1941, un soldato italiano parte per il fronte sovietico. L’esercito fascista è alleato di quello nazista, la vittoria appare vicina. Il convoglio procede tra i canti e le speranze. A differenza di molti giovani commilitoni, lui ha già conosciuto la guerra, in Africa, e la teme. Il treno attraversa mezza Europa, avventurandosi nello sterminato territorio ucraino. All’arrivo dell’inverno l’entusiasmo cade sotto i colpi dei primi morti, del gelo e della neve. I desideri si fanno semplici: non più la vittoria, ma un letto caldo, del cibo, tornare a casa. L’immensa steppa spazzata dalla tormenta sembra popolata da fantasmi.

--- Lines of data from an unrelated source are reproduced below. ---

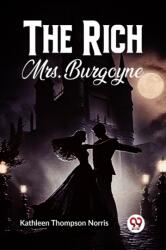 The Rich Mrs. Burgoyne (ISBN: 9789361150746)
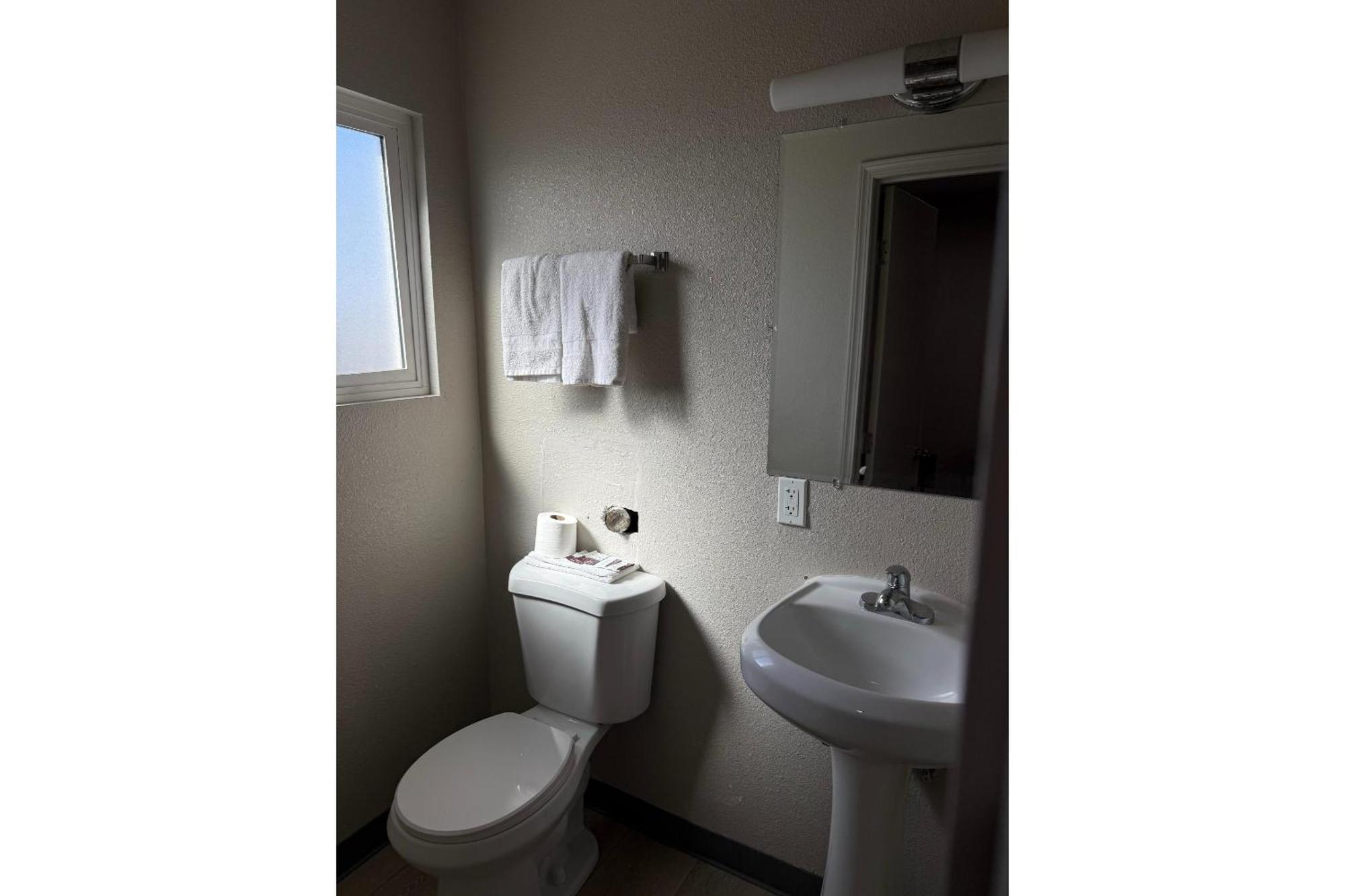 Big 7 Motel Chula Vista I-5 Luaran gambar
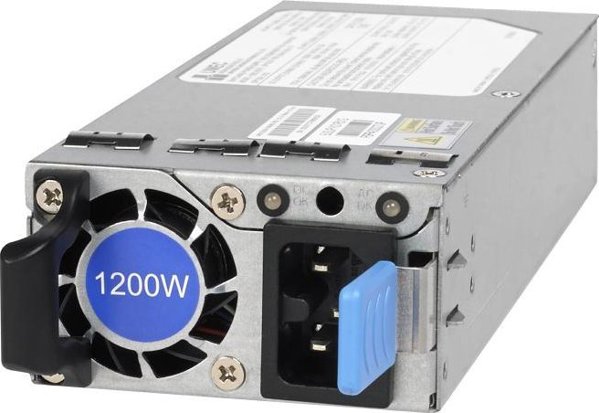 NETGEAR APS1200W Τροφοδοτικό Διακομιστή 1200W για M4300-96X, Hot-Plug, 110-240V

Il Varco, nella definizione dei due registi Federico Ferrone e Michele Manzolini e anche in sostanza, è una storia di finzione costruita con filmati di repertorio, ufficiali e amatoriali (relativi agli anni ‘30 e ‘40 del secolo scorso). Racconto in soggettiva di un soldato durante la campagna di Russia nella Seconda Guerra Mondiale, il prodotto finito denota un uso sorprendente e indubbiamente vitale e propulsivo del materiale d’archivio, assemblato dai due registi, anche sceneggiatori insieme al collettivo di scrittori Wu Ming 2, con un sguardo  eclettico e attento, critico e dialettico da un lato e sentimentale e romantico dall’altro. Le forzature non mancano, così come i passaggi più sterili e a vuoto all’interno dell’asse narrativo arbitrariamente ritagliato sui filmati a disposizione, ma il fascino dell’operazione è comunque indubbio così come la sua capacità di raccontare la guerra e le sue componenti spettrali, ponendosi agilmente a cavallo tra fiction e non fiction e rendendo gli steccati tra queste due categorizzazioni molto labili e puntualmente liquidi. Complessivamente efficace, pur con qualche mancanza di tenuta, l’oscillazione tra presente e pressato, forte di riprese e ricerche nell’Ucraina centro-orientale (le regioni di Dnipro, Kirovograd e Donetsk, fronte caldo ancora oggi). Prodotto da Kiné con Istituto Luce Cinecittà e liberamrnte ispirato alle vite e ai diari dei soldati Guido Balzani, Remo Canetta, Enrico Chierici, Adolfo Franzini, Nuto Revelli, Mario Rigoni Stern. Le sequenze africane in 8 mm sono tratte da Impressioni a distanza di Luca Ferro, mentre la fiaba Il soldato disertore e il diavolo di Alexander Atanasef, che apre il film ritagliandosi un prologo altamente evocativo, è letta da Ian Kichenko. La voce narrante è di Emidio Clementi. Presentato alla Mostra del Cinema di Venezia 2019 nella sezione Sconfini.